§ **Your task**
Write out the listing below in its entirety, minus the pictures, without changing a word.

§ **Data shown**
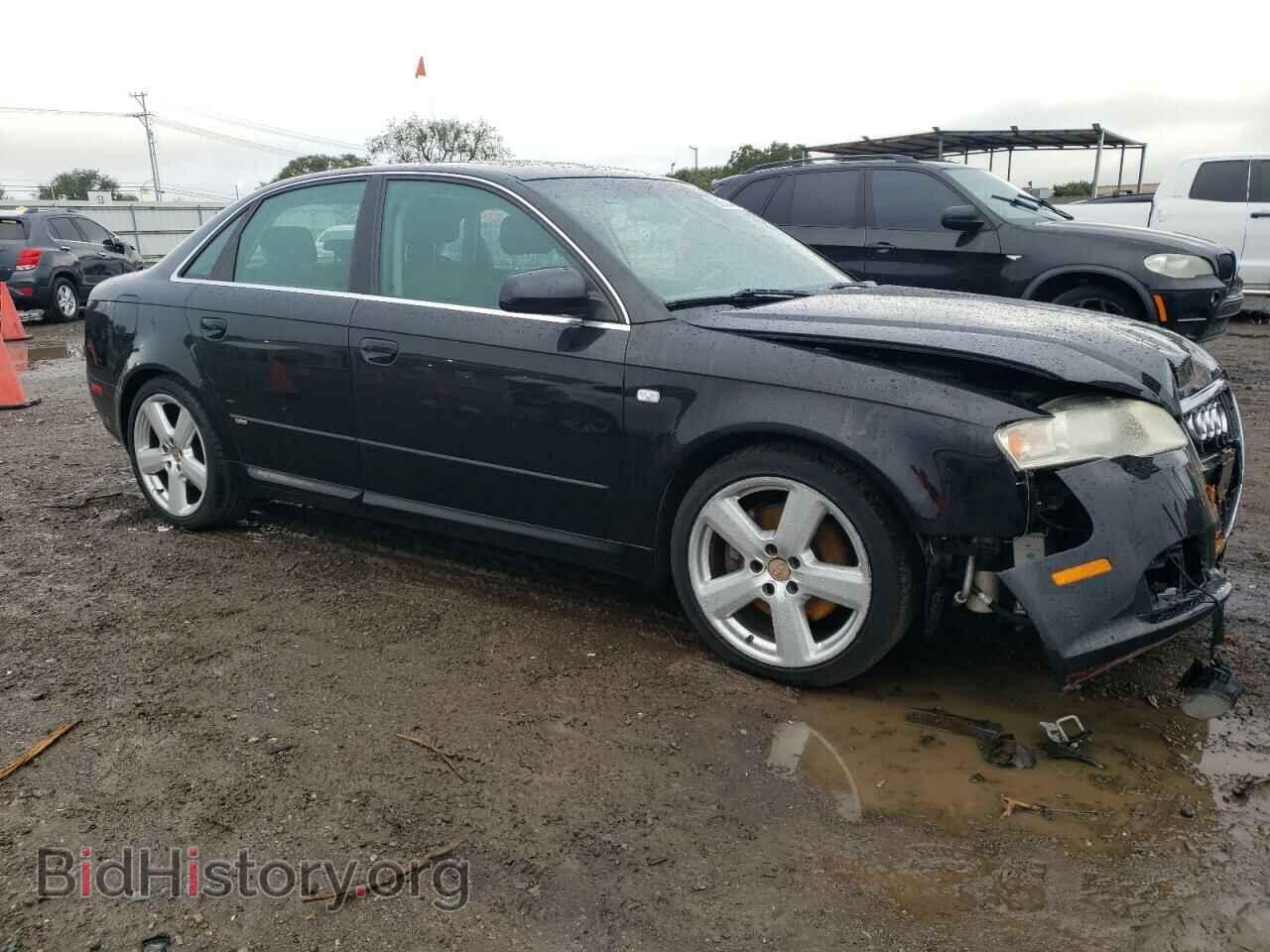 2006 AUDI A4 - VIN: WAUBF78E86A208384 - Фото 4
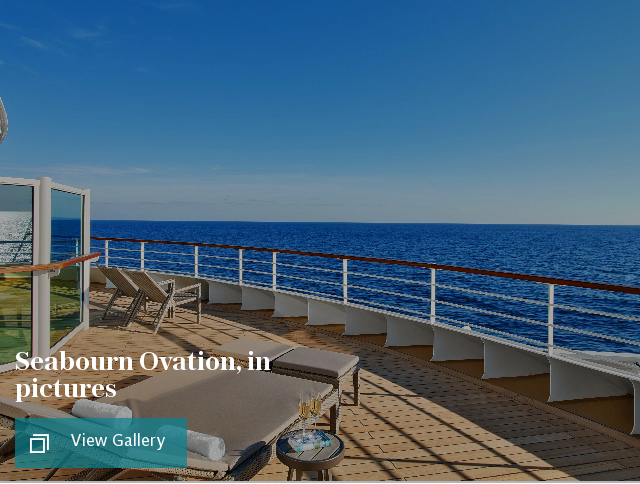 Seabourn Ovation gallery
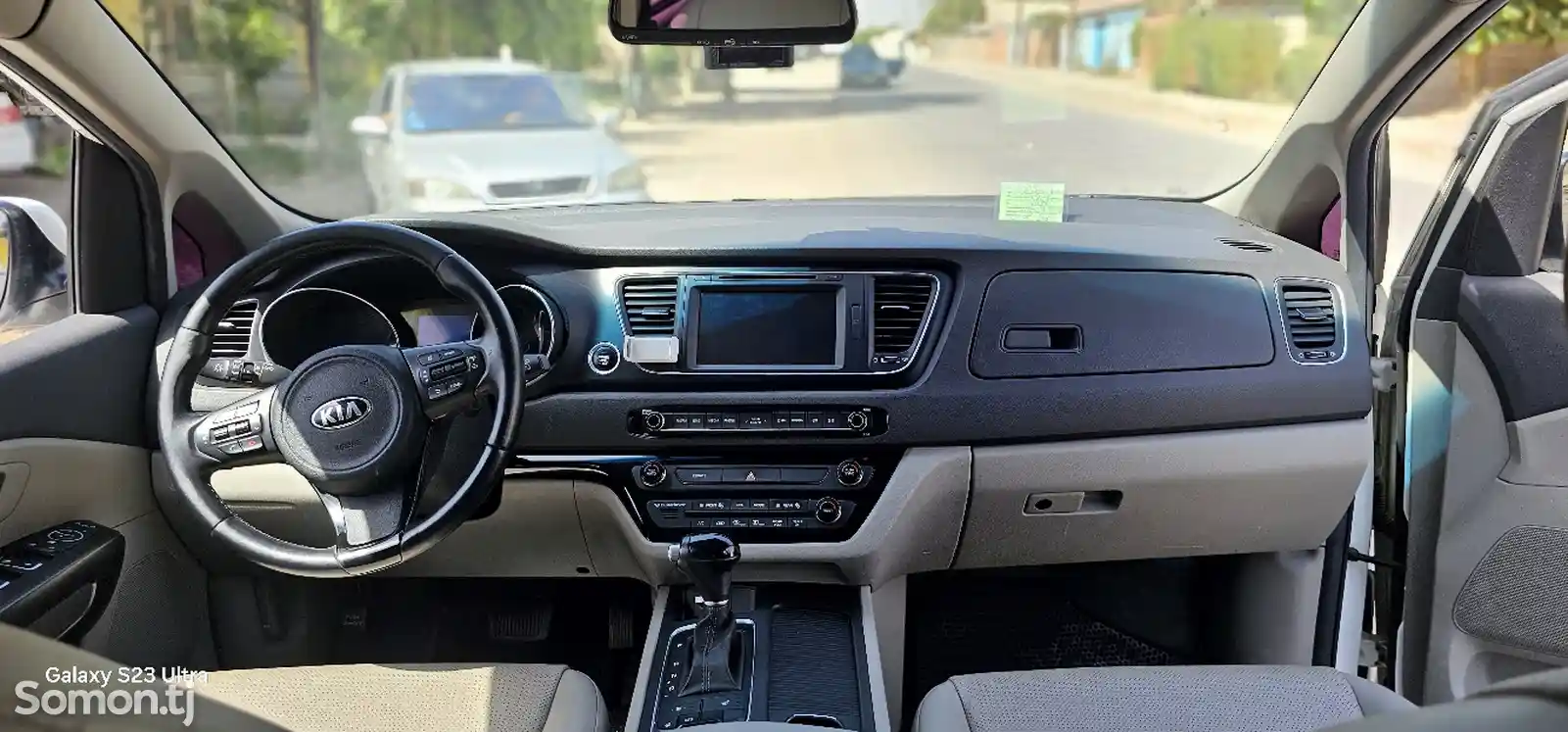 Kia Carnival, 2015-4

§ **Response to this task**
 2006 AUDI A4 - VIN: WAUBF78E86A208384 - Фото 4
 Seabourn Ovation gallery
 Kia Carnival, 2015-4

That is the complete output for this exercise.